4 These things I remember
as I pour out my soul:
how I used to go with the multitude,
leading the procession to the house of God,
with shouts of joy and thanksgiving
among the festive throng.
These things I do remember, going to every “Jesus thing” available in college, bible studies, conference, trainings, etc just to receive more of Him… I was a leader in college for many young people, as well as with my peers. And now, I feel like I can’t lead myself to Jesus, let alone anyone else. I am missing the festive throng, or I just can’t see it. I saw Prince Caspian yesterday and it was pretty excellent… there are a lot of great interactions and one-liners about the Christian faith. Peter and Lucy are having issues at one time about Lucy being able to see Aslan (Peter cannot and doesn’t believe Lucy)… Lucy says “Peter, maybe you are just not looking for him.” (not a direct quote, but ya get it). Maybe that’s my issue, I’m too busy relying on myself to actually see God when He is right in front of me… dang.
5 Why are you downcast, O my soul?
Why so disturbed within me?
Put your hope in God,
for I will yet praise him,
my Savior and 6 my God.
My soul is downcast within me;
therefore I will remember you
from the land of the Jordan,
the heights of Hermon—from Mount Mizar.
Why am I downcast? What’s my problem? I have not yet put my complete hope in God, that’s my problem. Still trying to be self-sufficient and stuff. I was talking to a friend the other day about ways that we can hold each other accountable and things we need help in. I found so many ways that I can help, but was at a loss for the ways that I needed to be helped. Part of it is pride. I don’t want to admit that I need help, or that I want it from anyone. I’ve always been able to kind of take care of things on my own, and I turned out ok so I think thats been good enough.
I’m such a hypocrite. If someone had said something like I just said to me, I would find a million ways why they were not ok (why just being OK is not ok), why they need to trust Jesus more, and trust others more, etc. I’ve actually had this conversation recently and now I need to go apologize for my ridiculousness.
God help me.
5 Comments
Leave a Comment...
Read more of Sarah Seeser's Blogs.



too bad they cut out some of that part where Aslan confronts Lucy about trusting her convictions, but i guess they had to make it appealing to the masses…
By patrick / Jun 4, 01:41 PM / #
Sarah, I love the way you talk about the Scriptures. You just lay it right on out there with love and truth and real life. Maybe you should be a preacher.

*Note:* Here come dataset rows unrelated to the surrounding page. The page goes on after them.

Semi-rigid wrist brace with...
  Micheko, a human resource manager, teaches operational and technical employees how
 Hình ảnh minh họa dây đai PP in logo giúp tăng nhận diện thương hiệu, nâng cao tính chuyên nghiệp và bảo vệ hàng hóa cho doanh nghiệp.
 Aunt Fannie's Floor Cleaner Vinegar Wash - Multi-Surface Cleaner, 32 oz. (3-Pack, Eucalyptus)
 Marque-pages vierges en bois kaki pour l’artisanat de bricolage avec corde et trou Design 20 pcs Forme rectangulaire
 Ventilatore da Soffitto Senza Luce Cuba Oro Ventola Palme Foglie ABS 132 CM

By Jessica / Jun 4, 10:47 PM / #
Thank you, Sarah, for writing this. Your words were my already in my heart, I just couldn’t articulate them, so thank you for your honesty and know that you are Def. not the only one struggling with the same issues. I actually just recently read this off a friend’s page on facebook and loved it. Hope you do too: The most difficult aspect of life is never being able to reach a certain set standard. It is a struggle to comprehend this lack of attainment, but even more frustrating realizing that the point you are trying to attain is one set by one’s self. Trying to reach a standard set by God and not even reaching one set by self is exasperating. I guess the most emotionally cathartic time in my life is when i realized that trying to meet a self-standard is not being Christ-like. It is emotionally freeing to realize that one can not reach a certain point of attainment, but can only rest in the arms of Jesus Christ. To try to do something for your god is no different than any other religion, but to let him do something in you is Christianity. (THE ONE TRUE FAITH)
By Tera, 08-09 / Jun 5, 11:36 AM / #
Hey Sarah, thanks for posting that. I just read it and when you said, “(why just being OK is not ok), why they need to trust Jesus more, and trust others more, etc.”…that portion really spoke to me. I’m definitely in a time in my life where I’m trying to handle everything on my own and have sort of settled for just being okay. I know i’m not relying on God fully…so yeah, thanks for that. =0)
By Tiffany / Jun 6, 12:38 PM / #
Oh sweet Sarah, how Jesus loves it when we realize how much we need him— even just our intention/ desire to be nearer to him makes him smile. He loves you SSOOOO much, little girl!